▸ Your assignment
In full and without alteration, write out the lines below.

▸ Records to process
━━━━━━━━━━━━━━━━

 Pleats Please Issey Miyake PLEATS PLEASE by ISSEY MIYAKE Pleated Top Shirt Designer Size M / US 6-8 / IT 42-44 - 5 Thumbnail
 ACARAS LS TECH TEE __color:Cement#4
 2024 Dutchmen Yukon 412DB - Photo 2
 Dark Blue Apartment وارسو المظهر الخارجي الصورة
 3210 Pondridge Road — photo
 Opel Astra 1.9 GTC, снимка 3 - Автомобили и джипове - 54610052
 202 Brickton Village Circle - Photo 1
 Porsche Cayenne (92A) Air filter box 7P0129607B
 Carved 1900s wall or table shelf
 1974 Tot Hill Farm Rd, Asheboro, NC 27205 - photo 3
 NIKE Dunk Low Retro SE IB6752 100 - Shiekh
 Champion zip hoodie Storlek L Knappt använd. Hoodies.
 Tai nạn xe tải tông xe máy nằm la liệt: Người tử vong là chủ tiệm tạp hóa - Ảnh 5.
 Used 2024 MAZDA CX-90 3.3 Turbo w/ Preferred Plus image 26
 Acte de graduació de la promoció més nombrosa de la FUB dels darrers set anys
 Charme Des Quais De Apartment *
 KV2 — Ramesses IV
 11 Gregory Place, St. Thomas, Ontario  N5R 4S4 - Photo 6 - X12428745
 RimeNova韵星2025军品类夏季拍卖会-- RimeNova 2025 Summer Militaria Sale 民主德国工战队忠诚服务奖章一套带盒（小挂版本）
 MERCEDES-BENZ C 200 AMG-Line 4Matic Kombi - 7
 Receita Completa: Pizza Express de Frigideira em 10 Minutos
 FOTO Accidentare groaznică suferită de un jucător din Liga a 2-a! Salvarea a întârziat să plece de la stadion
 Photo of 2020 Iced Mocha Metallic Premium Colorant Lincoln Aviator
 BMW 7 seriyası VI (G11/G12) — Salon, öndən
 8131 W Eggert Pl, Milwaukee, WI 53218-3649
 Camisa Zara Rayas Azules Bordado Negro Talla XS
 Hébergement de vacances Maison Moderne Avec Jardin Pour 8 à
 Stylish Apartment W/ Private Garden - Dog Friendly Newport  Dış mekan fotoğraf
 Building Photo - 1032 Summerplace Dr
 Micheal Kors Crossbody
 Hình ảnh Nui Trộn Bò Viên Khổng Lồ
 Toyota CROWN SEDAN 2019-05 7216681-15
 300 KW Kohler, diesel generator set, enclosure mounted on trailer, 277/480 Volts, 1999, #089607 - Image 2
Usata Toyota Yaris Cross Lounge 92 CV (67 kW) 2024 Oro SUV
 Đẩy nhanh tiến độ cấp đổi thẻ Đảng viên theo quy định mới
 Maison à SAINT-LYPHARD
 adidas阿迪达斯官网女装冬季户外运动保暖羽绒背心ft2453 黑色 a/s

━━━━━━━━━━━━━━━━

▸ Output
 Pleats Please Issey Miyake PLEATS PLEASE by ISSEY MIYAKE Pleated Top Shirt Designer Size M / US 6-8 / IT 42-44 - 5 Thumbnail
 ACARAS LS TECH TEE __color:Cement#4
 2024 Dutchmen Yukon 412DB - Photo 2
 Dark Blue Apartment وارسو المظهر الخارجي الصورة
 3210 Pondridge Road — photo
 Opel Astra 1.9 GTC, снимка 3 - Автомобили и джипове - 54610052
 202 Brickton Village Circle - Photo 1
 Porsche Cayenne (92A) Air filter box 7P0129607B
 Carved 1900s wall or table shelf
 1974 Tot Hill Farm Rd, Asheboro, NC 27205 - photo 3
 NIKE Dunk Low Retro SE IB6752 100 - Shiekh
 Champion zip hoodie Storlek L Knappt använd. Hoodies.
 Tai nạn xe tải tông xe máy nằm la liệt: Người tử vong là chủ tiệm tạp hóa - Ảnh 5.
 Used 2024 MAZDA CX-90 3.3 Turbo w/ Preferred Plus image 26
 Acte de graduació de la promoció més nombrosa de la FUB dels darrers set anys
 Charme Des Quais De Apartment *
 KV2 — Ramesses IV
 11 Gregory Place, St. Thomas, Ontario  N5R 4S4 - Photo 6 - X12428745
 RimeNova韵星2025军品类夏季拍卖会-- RimeNova 2025 Summer Militaria Sale 民主德国工战队忠诚服务奖章一套带盒（小挂版本）
 MERCEDES-BENZ C 200 AMG-Line 4Matic Kombi - 7
 Receita Completa: Pizza Express de Frigideira em 10 Minutos
 FOTO Accidentare groaznică suferită de un jucător din Liga a 2-a! Salvarea a întârziat să plece de la stadion
 Photo of 2020 Iced Mocha Metallic Premium Colorant Lincoln Aviator
 BMW 7 seriyası VI (G11/G12) — Salon, öndən
 8131 W Eggert Pl, Milwaukee, WI 53218-3649
 Camisa Zara Rayas Azules Bordado Negro Talla XS
 Hébergement de vacances Maison Moderne Avec Jardin Pour 8 à
 Stylish Apartment W/ Private Garden - Dog Friendly Newport  Dış mekan fotoğraf
 Building Photo - 1032 Summerplace Dr
 Micheal Kors Crossbody
 Hình ảnh Nui Trộn Bò Viên Khổng Lồ
 Toyota CROWN SEDAN 2019-05 7216681-15
 300 KW Kohler, diesel generator set, enclosure mounted on trailer, 277/480 Volts, 1999, #089607 - Image 2
Usata Toyota Yaris Cross Lounge 92 CV (67 kW) 2024 Oro SUV
 Đẩy nhanh tiến độ cấp đổi thẻ Đảng viên theo quy định mới
 Maison à SAINT-LYPHARD
 adidas阿迪达斯官网女装冬季户外运动保暖羽绒背心ft2453 黑色 a/s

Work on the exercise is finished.